By Jason Swarts
A textual replay is closely related to the “instant replay,” although instead of recording and replaying a sports event, textual replays capture and replay online writing activity. Textual replay is a term to describe the product of a screen capture program that takes multiple, successive screen shots of onscreen writing activity and splices them together as a digital movie, played back in a way that approximates the writing performance. (p.61)
Swarts used Camtasia, but makes clear that one could use other technologies to enact the technique and enable
a different kind of writer-reviewer interaction that moves more easily between practice- and artifact-oriented views, while providing perceptual and representational evidence to which review participants can attach their explanations. It will also create a surface on which writers and reviewers can work jointly, so that the reviewer’s experience can guide the writer’s practice at the moment of performance as well as after. (p.61)
In sessions using this technique, writers and reviewers seemed to learn from each other – more so than in sessions that didn’t involve the technique (p.123). In particular, writers were able to exert more control in the textual replay sessions (p.128), the writers and reviewers coordinated more, and their coordination involved more attention to constraining rhetorical circumstances (p.134).
In the last chapter, Swarts tells us that “Textual replay does not exist, at least not yet. … Textual replay is an idea for a technology that would provide useful mediation for writing review by allowing presentation of the text as a particle and stream of writing activity” (p.145).
And at this point, I placed a sticky note in the margin with the word WAVE on it.
Textual replay is a technique waiting on a technology, and technologies such as Google Wave can easily surface how documents evolve while accommodating writers’ and reviewers’ notes on them. The technology has perhaps caught up to the technique.
Seems like recently so much of the stuff I've been thinking through involves *surfacing* writing activity.
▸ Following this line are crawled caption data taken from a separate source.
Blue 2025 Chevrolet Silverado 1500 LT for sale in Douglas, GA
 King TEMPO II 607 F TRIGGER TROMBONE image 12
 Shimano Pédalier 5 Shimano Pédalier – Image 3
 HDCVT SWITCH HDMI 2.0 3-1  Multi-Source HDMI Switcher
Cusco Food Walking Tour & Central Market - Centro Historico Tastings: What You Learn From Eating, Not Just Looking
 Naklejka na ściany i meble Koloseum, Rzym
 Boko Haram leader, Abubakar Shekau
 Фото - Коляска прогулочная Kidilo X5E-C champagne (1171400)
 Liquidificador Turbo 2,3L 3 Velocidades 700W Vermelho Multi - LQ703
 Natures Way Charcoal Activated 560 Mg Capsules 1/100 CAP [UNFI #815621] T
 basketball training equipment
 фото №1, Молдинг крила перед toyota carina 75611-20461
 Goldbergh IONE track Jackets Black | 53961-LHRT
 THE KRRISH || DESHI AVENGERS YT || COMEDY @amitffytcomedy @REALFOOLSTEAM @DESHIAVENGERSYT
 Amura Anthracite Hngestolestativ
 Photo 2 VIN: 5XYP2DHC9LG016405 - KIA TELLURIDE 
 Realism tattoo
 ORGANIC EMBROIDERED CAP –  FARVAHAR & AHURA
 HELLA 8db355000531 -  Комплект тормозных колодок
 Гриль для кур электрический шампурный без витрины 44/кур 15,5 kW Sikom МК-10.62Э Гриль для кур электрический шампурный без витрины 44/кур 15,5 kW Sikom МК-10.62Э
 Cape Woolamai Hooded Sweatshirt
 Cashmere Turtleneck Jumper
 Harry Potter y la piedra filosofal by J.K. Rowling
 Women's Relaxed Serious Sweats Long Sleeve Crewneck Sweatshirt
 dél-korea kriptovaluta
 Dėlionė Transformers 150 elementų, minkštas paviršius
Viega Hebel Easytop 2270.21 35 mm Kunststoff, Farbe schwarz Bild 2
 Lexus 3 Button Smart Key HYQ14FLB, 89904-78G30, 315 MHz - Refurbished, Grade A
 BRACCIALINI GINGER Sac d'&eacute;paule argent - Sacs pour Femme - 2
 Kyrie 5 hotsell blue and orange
Part if this loops back to the panel that Jason, Shaun Slattery, and I formed for this year's SIGDOC. Jason and Shaun's work on exploring the collaborative creation of "fact" on Wikipedia does much of this "replay" work, for example.
ReplyDeleteJason engaged in some rigorous coding and analysis of different (distributed) textual moves in Wikipedia "Talk" and "Edit History" pages, and combined with Shaun's work, revealed some significant insights into the complex give and take in the collaborative construction of knowledge through writing work.
One of the reasons I've been so interested in Twitter is that it allows us to surface other forms of writing work; in concert with robust aggregation and persistence, we can now trace streams of writing activity within and across one's social graph in ways that simply weren't been feasible just a couple of years ago.
Most interesting to me, though--in terms of "textual replay"--is Google's acquisition of Appjet, makers of Etherpad. For me, no application has done "textual replay" better than Etherpad (see the video here for a brief example). Wave's playback function has proven to be worthless in the large, complex waves I've been working on.
Let's hope Etherpad's developers improve Wave's playback function so that we can increase our ability to track and code interorganizational writing work!
True - I haven't used Etherpad, but I have heard a lot about how it facilitates collaboration. What I'm now wondering is to what extent Google will consolidate its engines underlying its different writing platforms - Wave, Docs, Sites, Blogger, GMail. All of them could use a good way to surface history, at least for the individual author.